| About this exercise |
Among the entries below, find the line with "Mercedes-Benz GLS AMG", then quote it and each following line up to and including the line with "B0tt*ga Ven*ta Belt", and nothing else.

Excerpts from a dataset
-----

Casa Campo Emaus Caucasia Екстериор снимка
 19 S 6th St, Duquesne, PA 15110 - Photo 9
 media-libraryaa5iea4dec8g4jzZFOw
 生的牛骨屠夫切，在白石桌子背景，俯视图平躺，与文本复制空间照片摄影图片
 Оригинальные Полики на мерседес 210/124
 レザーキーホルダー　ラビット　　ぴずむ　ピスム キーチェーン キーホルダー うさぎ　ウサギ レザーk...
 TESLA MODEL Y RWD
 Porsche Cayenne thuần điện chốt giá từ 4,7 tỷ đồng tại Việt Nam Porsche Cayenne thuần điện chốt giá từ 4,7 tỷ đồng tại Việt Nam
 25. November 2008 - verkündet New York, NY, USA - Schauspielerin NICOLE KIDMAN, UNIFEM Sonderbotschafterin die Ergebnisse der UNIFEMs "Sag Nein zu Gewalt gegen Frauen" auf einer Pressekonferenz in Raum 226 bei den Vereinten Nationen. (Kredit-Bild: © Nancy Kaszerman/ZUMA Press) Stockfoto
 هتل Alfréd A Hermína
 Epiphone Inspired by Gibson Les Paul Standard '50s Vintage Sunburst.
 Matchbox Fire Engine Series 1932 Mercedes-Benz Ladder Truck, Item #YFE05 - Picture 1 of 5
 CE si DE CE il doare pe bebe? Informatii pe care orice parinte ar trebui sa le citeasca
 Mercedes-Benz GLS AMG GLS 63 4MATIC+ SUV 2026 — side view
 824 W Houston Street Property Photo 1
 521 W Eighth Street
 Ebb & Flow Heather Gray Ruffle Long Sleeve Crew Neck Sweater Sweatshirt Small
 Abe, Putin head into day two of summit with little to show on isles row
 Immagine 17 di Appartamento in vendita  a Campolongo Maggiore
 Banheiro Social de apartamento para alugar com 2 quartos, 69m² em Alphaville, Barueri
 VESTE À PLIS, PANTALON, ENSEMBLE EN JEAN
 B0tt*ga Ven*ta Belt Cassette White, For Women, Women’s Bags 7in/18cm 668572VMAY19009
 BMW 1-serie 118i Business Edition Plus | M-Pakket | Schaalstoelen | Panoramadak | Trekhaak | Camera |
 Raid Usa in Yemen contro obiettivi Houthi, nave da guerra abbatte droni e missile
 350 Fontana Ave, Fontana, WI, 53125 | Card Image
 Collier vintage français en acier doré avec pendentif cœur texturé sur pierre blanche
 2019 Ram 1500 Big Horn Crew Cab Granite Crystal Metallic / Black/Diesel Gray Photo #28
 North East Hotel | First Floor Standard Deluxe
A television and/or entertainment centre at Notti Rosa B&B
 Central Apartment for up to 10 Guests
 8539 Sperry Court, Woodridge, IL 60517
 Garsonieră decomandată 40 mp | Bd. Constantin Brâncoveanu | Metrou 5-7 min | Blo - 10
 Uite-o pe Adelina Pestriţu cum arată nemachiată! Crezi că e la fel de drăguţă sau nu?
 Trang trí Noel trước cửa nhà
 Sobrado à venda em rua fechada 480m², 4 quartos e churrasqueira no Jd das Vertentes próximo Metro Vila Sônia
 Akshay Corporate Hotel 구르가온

-----

| Exercise solution |
 Mercedes-Benz GLS AMG GLS 63 4MATIC+ SUV 2026 — side view
 824 W Houston Street Property Photo 1
 521 W Eighth Street
 Ebb & Flow Heather Gray Ruffle Long Sleeve Crew Neck Sweater Sweatshirt Small
 Abe, Putin head into day two of summit with little to show on isles row
 Immagine 17 di Appartamento in vendita  a Campolongo Maggiore
 Banheiro Social de apartamento para alugar com 2 quartos, 69m² em Alphaville, Barueri
 VESTE À PLIS, PANTALON, ENSEMBLE EN JEAN
 B0tt*ga Ven*ta Belt Cassette White, For Women, Women’s Bags 7in/18cm 668572VMAY19009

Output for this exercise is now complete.